Khandker et al. (2012) study the impact of rural electrification in India and find that rural electrification leads to higher time allocation to studying, increase in supply of labor and household expenditure, and reduction in poverty level, but most of the benefits are enjoyed by wealthier rural households (due to higher consumption and more diversification of electricity service).
Below is an abstract of their working paper:
This paper applies an econometric analysis to estimate the average and distribution benefits of rural electrification using rich household survey data from India. The results support that rural electrification helps to reduce time allocated to fuelwood collection by household members and increases time allocated to studying by boys and girls. Rural electrification also increases the labor supply of men and women, schooling of boys and girls, and household per capita income and expenditure. Electrification also helps reduce poverty. But the larger share of benefits accrues to wealthier rural households, with poorer ones having more limited use of electricity. The analysis also shows that restricted supply of electricity, due to frequent power outages, negatively affects both household electricity connection and its consumption, thereby reducing the expected benefits of rural electrification.

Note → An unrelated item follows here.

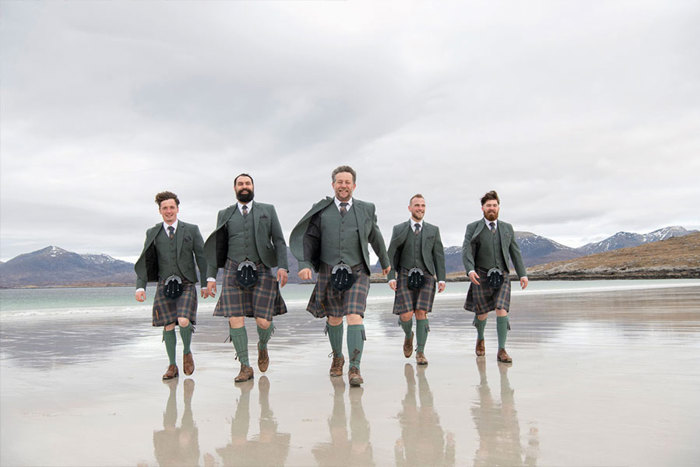 A group of men in kilts walking across a beach 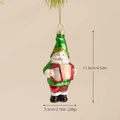 Painted glass Christmas gnome ornament playing accordion with green hat and glitter details - Accordion Gnome Santa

They find that “the money households with electricity spend on kerosene equals what they pay for unreliable electricity service, not accounting for the loss of productivity and appliance damage due to power outages, suggesting that access without reliability may be counter-productive.”
Nepalese policymakers need to read this statement twice. Erecting electricity poles and connecting new houses with wires devoid of regular power supply is not going to be helpful. The focus should be on generating more hydropower. In Nepal’s case the shortage of electricity is leading to drastic increase in demand for diesel and LPG.